I once tried to explain how little correlation there legitimately is between the two, to a prominent NYC sports columnist. he looked confused, then admitted he was confused.
   23. The Duke Posted: January 14, 2019 at 06:23 AM (#5805208)
There is never a 1:1 relationship on drivers of attendance but I think lack of free agent signings has to be really low on the list.

The culprits to me are likely three items:

1. Pace of play (time between pitches , replay etc)
2. Tanking. This not only impacts home attendance but also away attendance
3. General trends in spending of entertainment $$$. The ability to get all the games on streaming has to ultimately affect attendance
   24. Never Give an Inge (Dave) Posted: January 14, 2019 at 07:37 AM (#5805209)
Toronto's drop was massive but they were only 3 wins worse than last year.

Right, but we always talk about how attendance effects often lag results by a year. And in Toronto's case, in 2017 they were coming off two consecutive ALCS appearances.

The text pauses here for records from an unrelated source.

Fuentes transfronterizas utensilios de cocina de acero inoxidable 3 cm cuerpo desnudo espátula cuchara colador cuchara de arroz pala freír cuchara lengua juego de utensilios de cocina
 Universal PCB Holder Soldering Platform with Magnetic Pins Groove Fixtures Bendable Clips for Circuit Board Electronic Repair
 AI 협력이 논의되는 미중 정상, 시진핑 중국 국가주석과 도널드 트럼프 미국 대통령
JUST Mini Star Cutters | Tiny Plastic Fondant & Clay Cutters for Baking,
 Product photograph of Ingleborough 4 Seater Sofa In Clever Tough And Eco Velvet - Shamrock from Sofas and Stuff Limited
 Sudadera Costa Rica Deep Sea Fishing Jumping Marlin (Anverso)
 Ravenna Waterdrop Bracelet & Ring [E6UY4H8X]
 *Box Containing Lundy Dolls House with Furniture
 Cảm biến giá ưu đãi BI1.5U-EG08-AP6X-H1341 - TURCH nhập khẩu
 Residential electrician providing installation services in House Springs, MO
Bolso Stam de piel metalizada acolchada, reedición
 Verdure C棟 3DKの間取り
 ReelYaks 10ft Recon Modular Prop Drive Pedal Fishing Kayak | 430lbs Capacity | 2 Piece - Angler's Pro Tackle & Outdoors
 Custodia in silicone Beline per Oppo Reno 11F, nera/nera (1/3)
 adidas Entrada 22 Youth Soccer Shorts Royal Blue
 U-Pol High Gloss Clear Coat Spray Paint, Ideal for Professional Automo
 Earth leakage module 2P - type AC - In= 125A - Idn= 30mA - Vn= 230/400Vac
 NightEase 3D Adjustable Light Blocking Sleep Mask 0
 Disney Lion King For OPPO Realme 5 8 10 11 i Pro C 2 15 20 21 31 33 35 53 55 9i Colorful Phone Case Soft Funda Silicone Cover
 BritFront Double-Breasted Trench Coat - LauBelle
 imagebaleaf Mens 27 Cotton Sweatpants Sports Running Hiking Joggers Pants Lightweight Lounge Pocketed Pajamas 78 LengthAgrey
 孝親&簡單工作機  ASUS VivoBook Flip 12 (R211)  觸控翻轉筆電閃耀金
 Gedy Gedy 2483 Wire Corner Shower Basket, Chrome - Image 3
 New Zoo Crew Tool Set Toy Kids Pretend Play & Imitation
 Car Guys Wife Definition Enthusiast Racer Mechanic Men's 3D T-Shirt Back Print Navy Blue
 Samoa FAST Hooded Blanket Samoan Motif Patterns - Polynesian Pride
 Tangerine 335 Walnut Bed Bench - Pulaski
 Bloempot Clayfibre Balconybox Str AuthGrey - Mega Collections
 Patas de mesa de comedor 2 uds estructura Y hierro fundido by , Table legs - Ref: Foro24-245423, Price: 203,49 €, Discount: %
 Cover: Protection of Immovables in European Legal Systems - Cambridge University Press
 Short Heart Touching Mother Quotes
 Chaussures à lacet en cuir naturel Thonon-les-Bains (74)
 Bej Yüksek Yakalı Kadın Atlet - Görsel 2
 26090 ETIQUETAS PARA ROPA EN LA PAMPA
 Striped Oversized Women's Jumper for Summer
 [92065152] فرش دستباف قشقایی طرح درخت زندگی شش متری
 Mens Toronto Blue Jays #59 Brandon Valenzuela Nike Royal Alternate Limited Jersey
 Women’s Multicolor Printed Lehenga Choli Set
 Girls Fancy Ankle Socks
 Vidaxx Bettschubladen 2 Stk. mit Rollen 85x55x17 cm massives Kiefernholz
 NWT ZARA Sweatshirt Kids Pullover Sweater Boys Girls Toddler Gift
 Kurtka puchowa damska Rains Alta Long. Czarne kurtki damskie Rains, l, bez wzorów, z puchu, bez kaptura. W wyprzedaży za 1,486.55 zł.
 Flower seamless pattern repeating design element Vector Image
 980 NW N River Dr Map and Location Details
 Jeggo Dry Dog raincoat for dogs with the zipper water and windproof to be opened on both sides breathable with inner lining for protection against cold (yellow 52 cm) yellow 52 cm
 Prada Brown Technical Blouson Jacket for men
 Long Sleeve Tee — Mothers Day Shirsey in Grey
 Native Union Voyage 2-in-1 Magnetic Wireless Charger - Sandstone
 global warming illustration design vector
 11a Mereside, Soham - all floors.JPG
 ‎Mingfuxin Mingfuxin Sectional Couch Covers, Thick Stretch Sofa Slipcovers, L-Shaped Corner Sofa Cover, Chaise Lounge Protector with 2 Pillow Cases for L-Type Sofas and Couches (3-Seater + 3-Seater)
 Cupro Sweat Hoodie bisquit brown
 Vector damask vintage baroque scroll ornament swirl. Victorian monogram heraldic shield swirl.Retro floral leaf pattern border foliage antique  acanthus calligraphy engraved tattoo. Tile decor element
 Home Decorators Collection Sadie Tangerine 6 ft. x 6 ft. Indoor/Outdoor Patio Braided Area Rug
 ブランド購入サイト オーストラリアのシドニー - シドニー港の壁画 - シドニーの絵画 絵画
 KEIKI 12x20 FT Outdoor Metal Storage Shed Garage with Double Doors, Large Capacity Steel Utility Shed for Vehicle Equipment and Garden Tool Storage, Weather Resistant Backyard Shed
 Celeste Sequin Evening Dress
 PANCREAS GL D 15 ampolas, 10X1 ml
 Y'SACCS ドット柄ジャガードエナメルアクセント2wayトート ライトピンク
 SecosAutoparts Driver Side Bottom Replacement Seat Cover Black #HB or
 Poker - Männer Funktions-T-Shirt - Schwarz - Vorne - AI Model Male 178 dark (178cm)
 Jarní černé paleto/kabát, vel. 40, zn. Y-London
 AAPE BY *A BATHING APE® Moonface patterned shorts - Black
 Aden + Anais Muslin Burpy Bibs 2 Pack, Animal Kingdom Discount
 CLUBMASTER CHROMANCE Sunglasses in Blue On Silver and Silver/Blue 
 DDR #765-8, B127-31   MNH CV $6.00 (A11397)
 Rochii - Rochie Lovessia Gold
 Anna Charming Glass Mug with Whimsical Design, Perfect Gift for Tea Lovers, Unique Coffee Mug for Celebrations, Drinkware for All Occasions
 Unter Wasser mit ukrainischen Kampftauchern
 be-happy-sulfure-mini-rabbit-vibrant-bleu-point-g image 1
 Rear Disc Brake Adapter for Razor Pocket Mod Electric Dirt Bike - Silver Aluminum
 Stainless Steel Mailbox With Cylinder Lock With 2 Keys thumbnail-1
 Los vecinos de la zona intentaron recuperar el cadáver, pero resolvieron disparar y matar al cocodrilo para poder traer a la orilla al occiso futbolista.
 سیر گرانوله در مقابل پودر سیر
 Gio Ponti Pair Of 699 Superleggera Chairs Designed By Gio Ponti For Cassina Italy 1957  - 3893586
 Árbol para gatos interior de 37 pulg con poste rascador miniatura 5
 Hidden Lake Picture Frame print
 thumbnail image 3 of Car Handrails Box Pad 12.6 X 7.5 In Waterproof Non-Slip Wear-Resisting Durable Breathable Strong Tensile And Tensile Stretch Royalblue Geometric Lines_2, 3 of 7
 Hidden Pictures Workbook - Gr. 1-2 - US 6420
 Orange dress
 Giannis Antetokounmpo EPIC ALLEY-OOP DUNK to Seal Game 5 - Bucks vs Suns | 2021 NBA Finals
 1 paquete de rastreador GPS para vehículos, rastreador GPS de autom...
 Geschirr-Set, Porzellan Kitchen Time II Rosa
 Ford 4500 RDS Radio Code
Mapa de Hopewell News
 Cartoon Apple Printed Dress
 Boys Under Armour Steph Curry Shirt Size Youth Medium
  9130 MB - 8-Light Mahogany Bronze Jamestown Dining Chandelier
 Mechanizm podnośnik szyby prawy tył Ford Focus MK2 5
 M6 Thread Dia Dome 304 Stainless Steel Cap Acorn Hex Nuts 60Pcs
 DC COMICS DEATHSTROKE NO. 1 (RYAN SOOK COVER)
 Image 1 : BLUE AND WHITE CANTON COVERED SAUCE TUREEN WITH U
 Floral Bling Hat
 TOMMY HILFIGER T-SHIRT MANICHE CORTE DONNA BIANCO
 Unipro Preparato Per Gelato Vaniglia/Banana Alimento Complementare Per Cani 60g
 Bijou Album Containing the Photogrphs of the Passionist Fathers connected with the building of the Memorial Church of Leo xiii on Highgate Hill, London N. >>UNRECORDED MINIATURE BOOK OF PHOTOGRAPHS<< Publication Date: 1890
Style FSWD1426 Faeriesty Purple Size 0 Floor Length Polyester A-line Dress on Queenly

In 2018, they were coming off a 76-win, fourth-place season, and the AL (especially the East) was so strong that I'm pretty sure they were effectively out of contention after May.

I don't think you were saying this, but it's hard to argue that any of the attendance change could be attributed to a change in their free agent signing tendencies during the offseason.
   25. bfan Posted: January 14, 2019 at 10:20 AM (#5805238)
If the answer to the question posed is "yes", then teams keeping players on their team by signing them up to long-term deals before they hit free-agency, would be a negative to total attendance (and there certainly would be less news when that happens than what is generated from the many and Bryce tours to various cities). However, keeping players on the team they start with, by signing contracts like the above, which allows for fan long-term emotional investments in players, would seem to increase fan loyalty, so I doubt that the slow FA market hurts attendance.

I am sure the slow FA market makes it harder for writers to write interesting articles with new material in the off-season, and I guess that means less baseball news in the off-season, but I think when you look at all of the factors here, that the answer to the question posed for this article is "No".